▶ [THE DATA]
*** Block opens ***
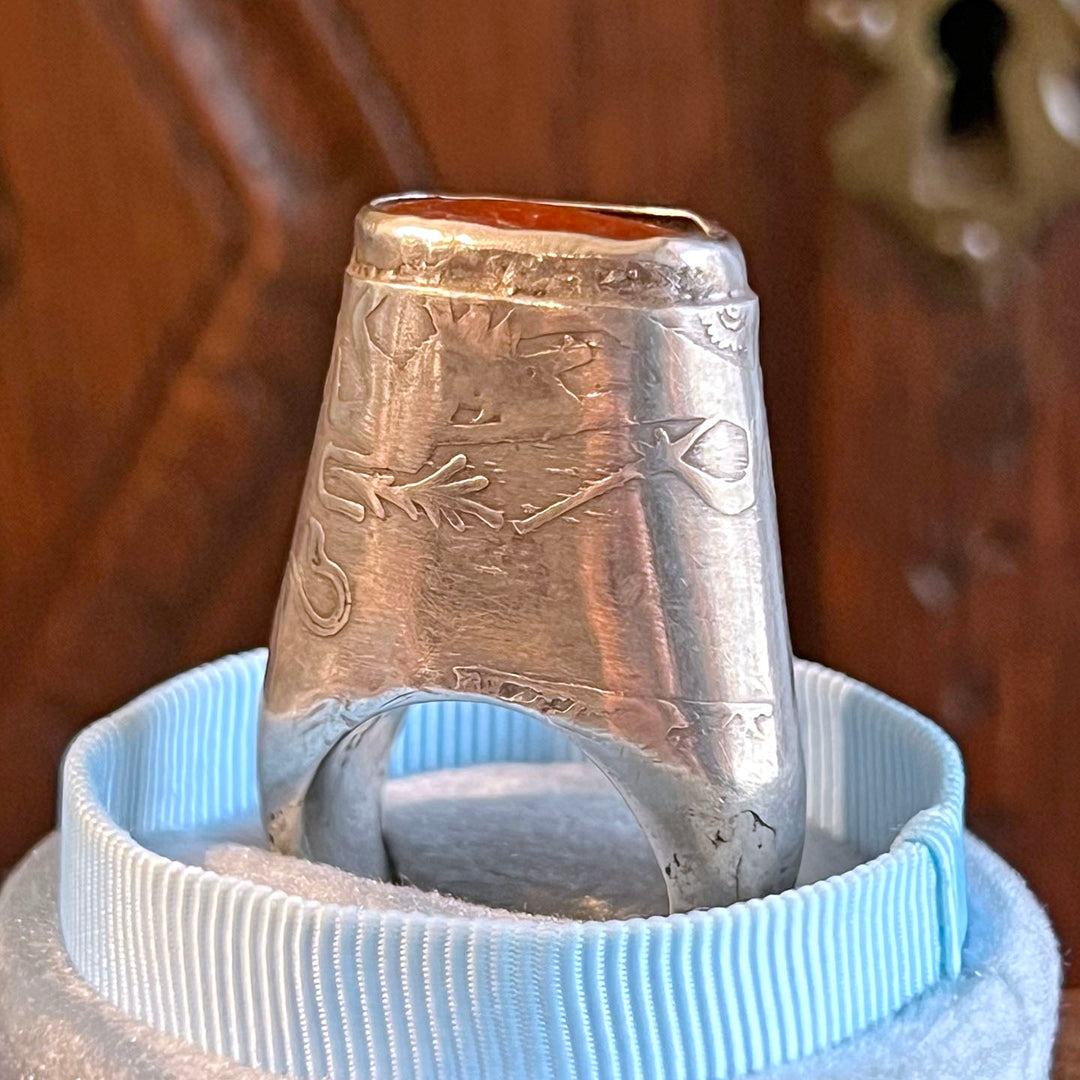 Antique Silver Carnelian Archers Ring c. 1880
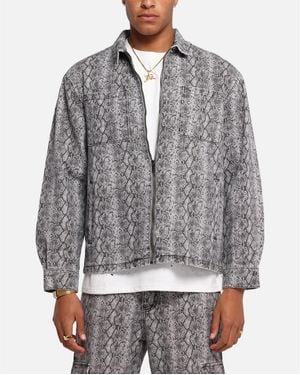 Xxiii Snake Skin Jacket Black Snake Print - Gray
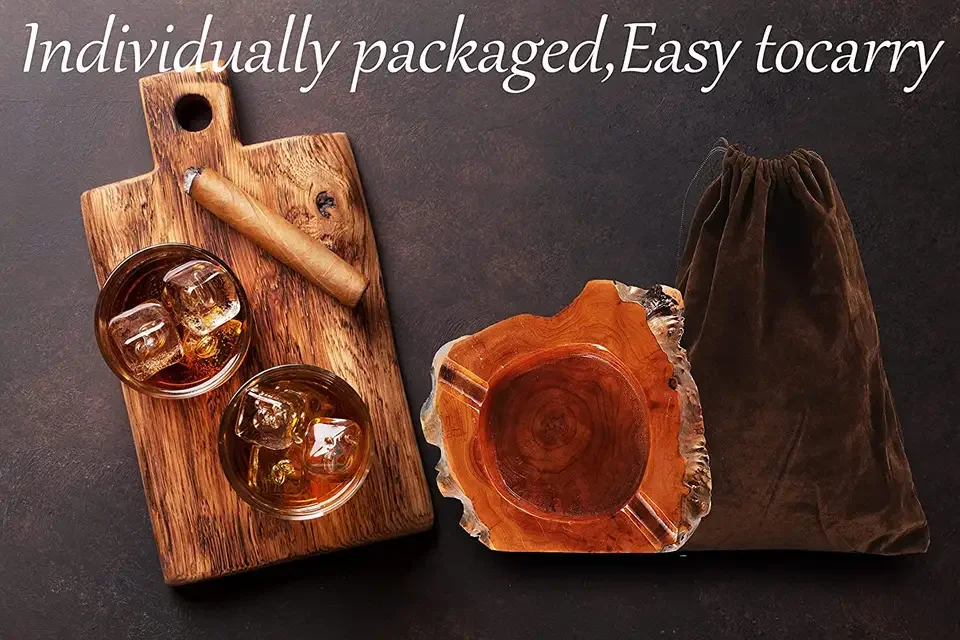 Professional Wooden Cigar Holder Smoking Accessory Outdoor Cigar Ashtray Bowl Unique Eco Friendly Natural Wood Cigar Ashtray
*** Block closes ***
▶ [AIM OF THE TASK] The listing is to be repeated exactly, with its pictures removed.

▶ [PROBLEM SOLUTION]
 Antique Silver Carnelian Archers Ring c. 1880
 Xxiii Snake Skin Jacket Black Snake Print - Gray
 Professional Wooden Cigar Holder Smoking Accessory Outdoor Cigar Ashtray Bowl Unique Eco Friendly Natural Wood Cigar Ashtray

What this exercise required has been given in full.